Monday, July 16, 2012
Pentecost 8b - Jeremiah 23:1-6
Jeremiah 23:1-6
It appears that the days that “are surely
coming” still haven’t arrived as the righteous Branch raised up for David was “despised
and rejected” (Isaiah 53) and crucified by the sheep he came to shepherd. Of course
the righteous Branch was resurrected and the remnant gathered on Pentecost
would proclaim the reign of the righteous Branch from Jerusalem to Samaria to
the ends of the earth. Unfortunately the empire figured out assimilation was
the best way to stamp out the Holy Spirit fire as the remnant ruling did not
remain true to the righteous Branch. And so even if there are days of righteousness
and justice and wise dealings they don’t last as one tyrant is overthrown only
to be replaced by another. So what shall we say about this promise as yet
unfilled? Well maybe Jeremiah’s idea of what the Branch would accomplish and God’s
“plans to prosper… with a hope and a future” (Jeremiah 29:11) were not exactly the
same thing. In the temporal realm branches raised up are not like the capital B
branch that comes humble and riding on a donkey and in the grand scheme of things
we should not look to small b Branches to be anything more than twigs. We are citizens
of a realm that exists simultaneously in the finite present and the infinite
future and as such are free like Jeremiah to speak truth to “the powers that be”
without counting the cost even if the cost is a cross. In that way the days
that “are surely coming” have already arrived and are still pending as we work
to transform what is into what will be, even while we wait with eager expectation the day when “they
shall not fear any longer, or be dismayed, nor shall any be missing” will have fully come.
Friday, July 13, 2012
Pentecost 7b - conclusion
I’ve just returned from Ebert Ranch Camp, Harper TX. I spent
the week working horses with Wrangler Kaitlyn and her assistant Blythe, and my
assistants (smile) Pr.
Mark and youth director Thane. I hung out with our youth, did devotions with
the staff, played guitar at worship and learned to line dance, even though my
line was squiggly. I always come away from camp inspired and more hopeful for God’s
“kingdom come” on earth. I spent three summers as a camp counselor in the mid
70’s sharing the love of Jesus in quiet and not so quiet ways and I realize in
2012 not much has changed. The young people I met this week are a lot like the young
person I was and (when they remind me) still am. Idealistic? Yes, of course,
that is the nature of youthfulness. But it is idealism with legs. While laughing
and flipping fiesta pancakes (red, green and plain pancake color) Blythe can
talk about what it means to be a Christian today. “It means on a Wednesday morning
you go to a shelter to serve breakfast to the homeless. It’s about what you do.”

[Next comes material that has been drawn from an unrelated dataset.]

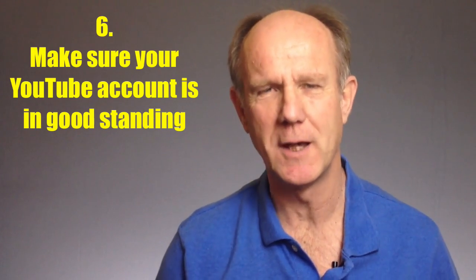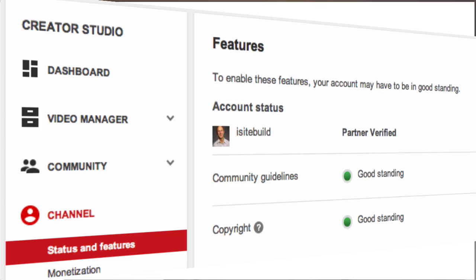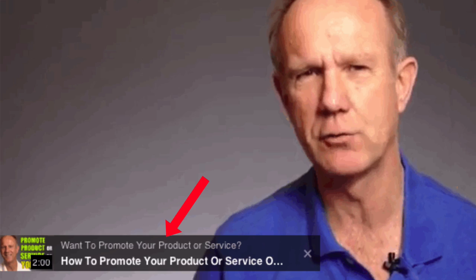Number 6: Make sure your YouTube account is in good standing. If you want to link your card to an associated website, your YouTube account must have no copyright or community guidelines violations. Number 7: Featured videos won't appear when using cards. Choose whether a featured video or a card will work best for your targeted audience.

But they are not naïve. They understand the difficulty of what God has called
them to because they live it. And so they are dedicated to the craft (even if
they wouldn’t call it that). All week long they smile and sing and share and even
if their life inside or outside of camp is anything but joyful they get campers
to smile and sing and share and do silly things so that Jesus is more present. And
the campers coming with hope and fear, (whose life might not be so joyful either)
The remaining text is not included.